Hi All,
I am investigating how to run C code as WebAssembly in the browser.
To test it out I made a small C program:
#include <emscripten.h>
int EMSCRIPTEN_KEEPALIVE add2(int x, int y) {
return x+2*y;
}
And then I compiled it using:
emcc test.c -s WASM=1 -s ONLY_MY_CODE=1
This produced a file a.out.wasm which is 256 bytes (which seems reasonable) and a file a.out.js which is 85K (which seems very large).

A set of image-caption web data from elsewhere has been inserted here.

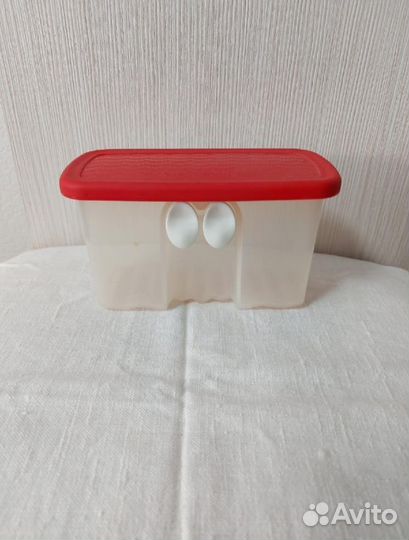 Tupperware контейнер Умный холодильник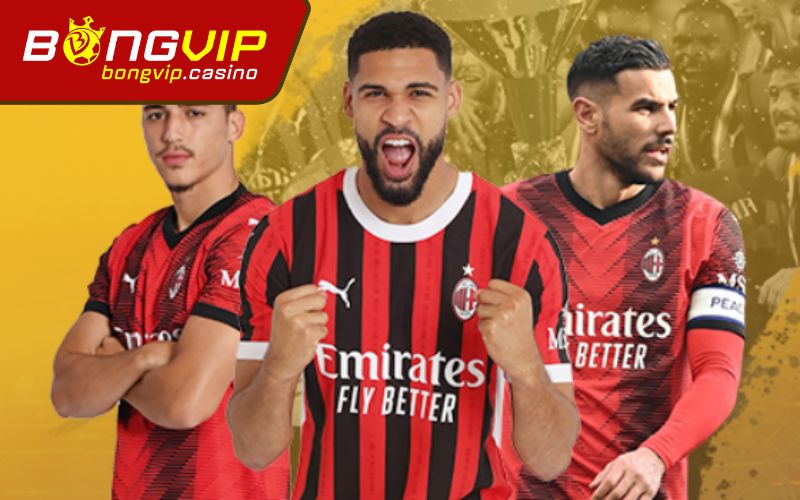 Thể Thao Bongvip – Cược Kịch Tính, Thắng Lớn Mọi Trận Đấu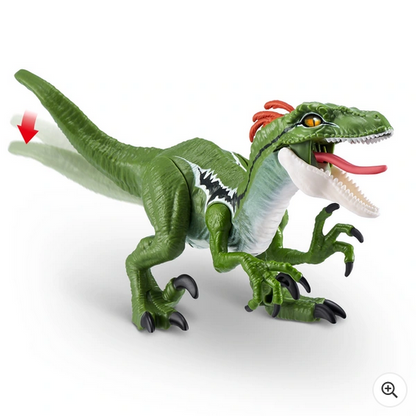 Robo Alive Dino Action Raptor od ZURU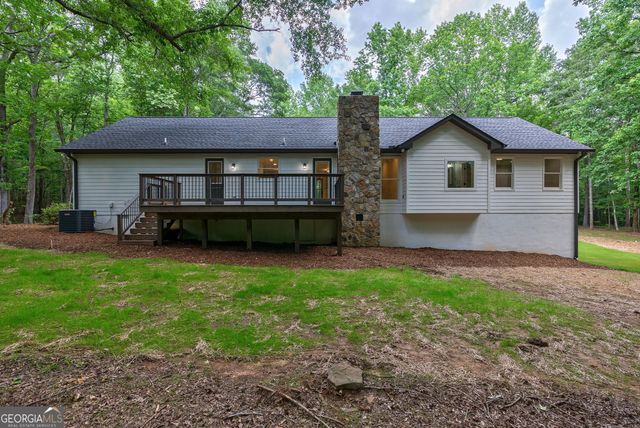 1800 Elder Mill Road, Watkinsville, GA 30677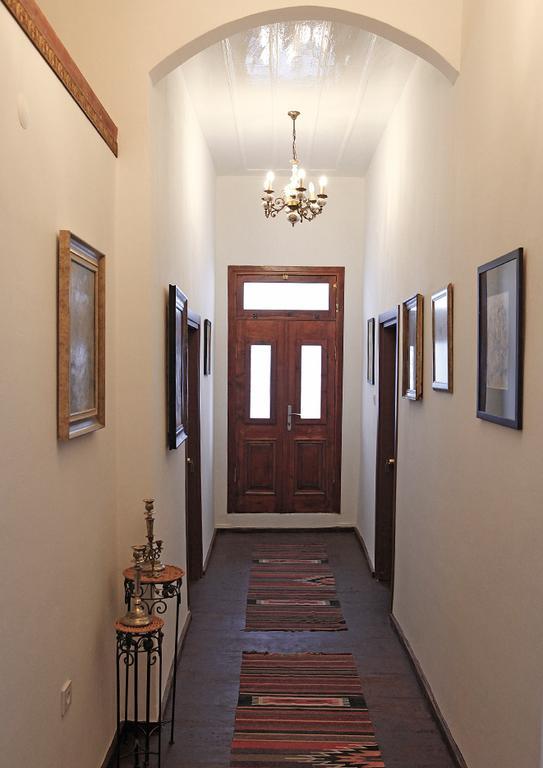 Marjolaine Hotel Ayvalı Kültér fotó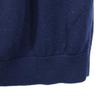 JIL SANDER NAVY wool Long sleeve V neck knit M Zen system sweater Women Used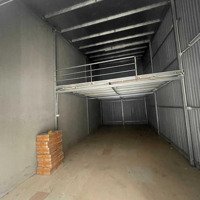 Cho Thuê Kho Xưởng 50M2 Ngã Tư Vạn Phúc Và La Khê Hà Đông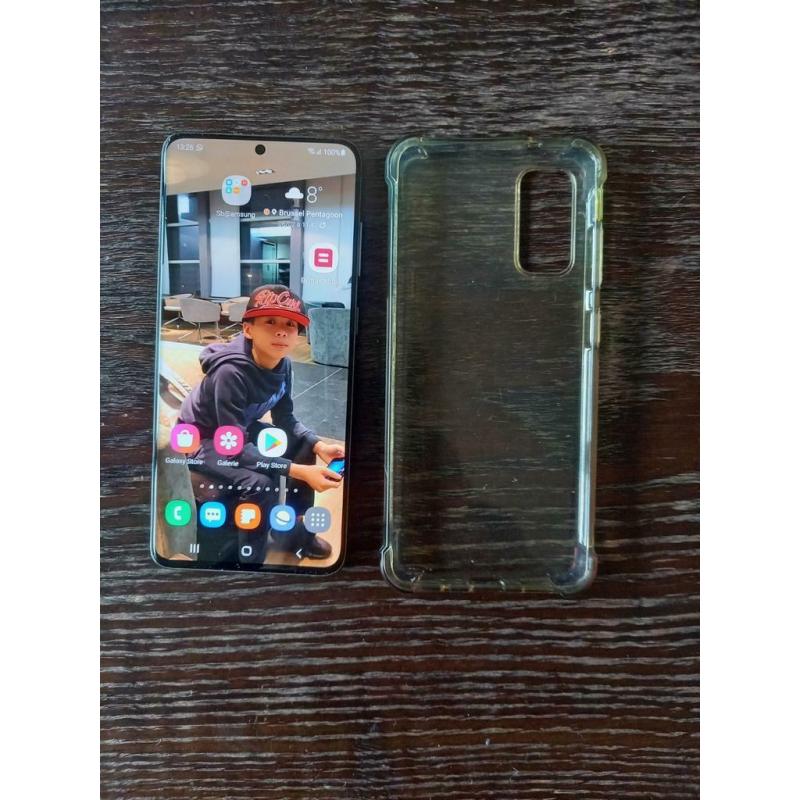 Samsung s20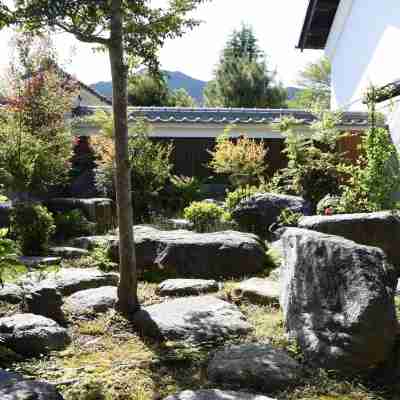 Guest House Nanone Hotel Exterior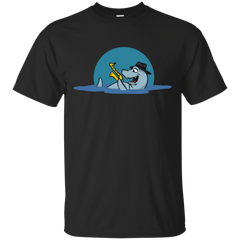 Hockey - San Jose Sharks Defeat the St Louis Blues off the post T Shirt & Hoodie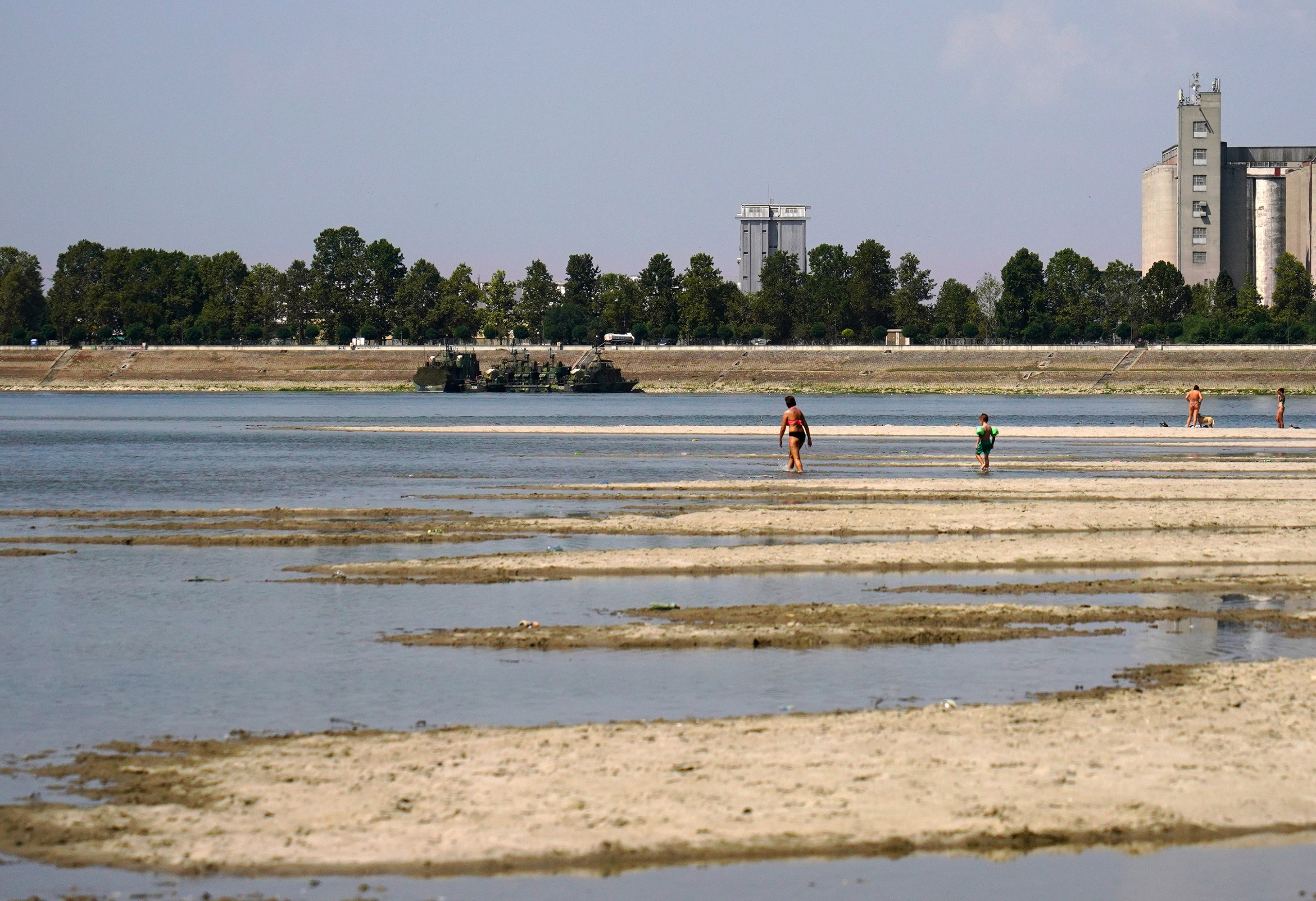 Ne utazz ezekre a helyekre, ha törődsz a természettel 1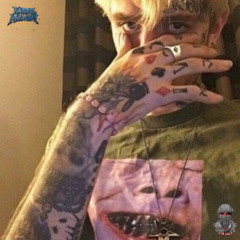 Wolf Pack Lil peep type beat prod kartel melody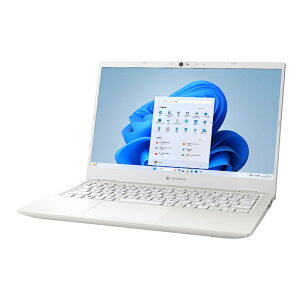 �y�V�i�z dynabook �m�[�g�p�\�R�� dynabook G6 13.3�^�t��HD / Windows 11 / Core i5-1340P / ������8GB/ SSD 256GB/ Office�t��/ 875g/ �쓮���� ��24����/ �I�j�L�X�u���[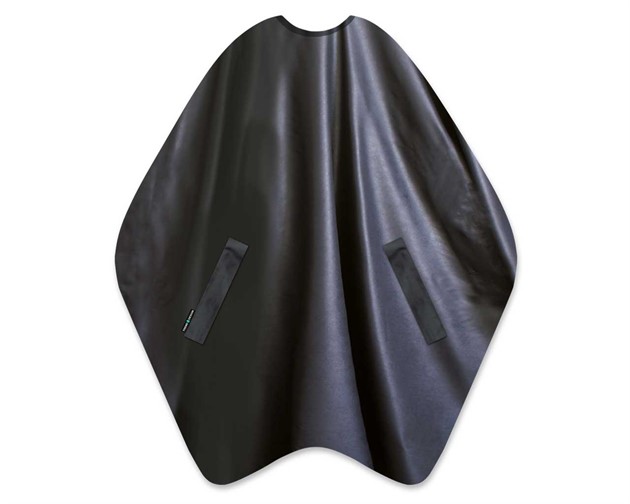 KLIPPKAPPA SKINNY ANTRACIT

Further, the a.out.wasm file has the text "add2" inside, so this seemed promising!
<script>
function fetchAndInstantiate(url, importObject) {
return fetch(url).then(response =>
response.arrayBuffer()
).then(bytes =>
WebAssembly.instantiate(bytes, importObject)
).then(results =>
results.instance
);
}
importObject={}
fetchAndInstantiate('a.out.wasm', importObject).then(function(instance) {
console.log(instance.exports._add2(2,4));
})
</script>
Unfortunately this did not work - I got this error in the JavaScript console:
TypeError: import object field 'env' is not an Object
Troubleshooting a bit further I tried this html:
<script>
fetch('a.out.wasm').then(response =>
response.arrayBuffer()
).then(bytes =>
WebAssembly.compile(bytes)
).then(function(mod) {
var imports = WebAssembly.Module.imports(mod);
console.log(imports[0]);
});
</script>
Which gave this output:
Object { module: "env", name: "STACKTOP", kind: "global" }
Debugging a bit futher it seemed like the webassembly needs an env in importObject with a bunch of values in it, including this STACKTOP.
My questions are:
1) Can emscripten produce a webassembly file that does not need such values to be set externally?
2) If emscripten cannot, is there a recommend way to get less than 85K of JavaScript to set reasonable values?
I used FireFox version 56 and emscripten version 1.37.22.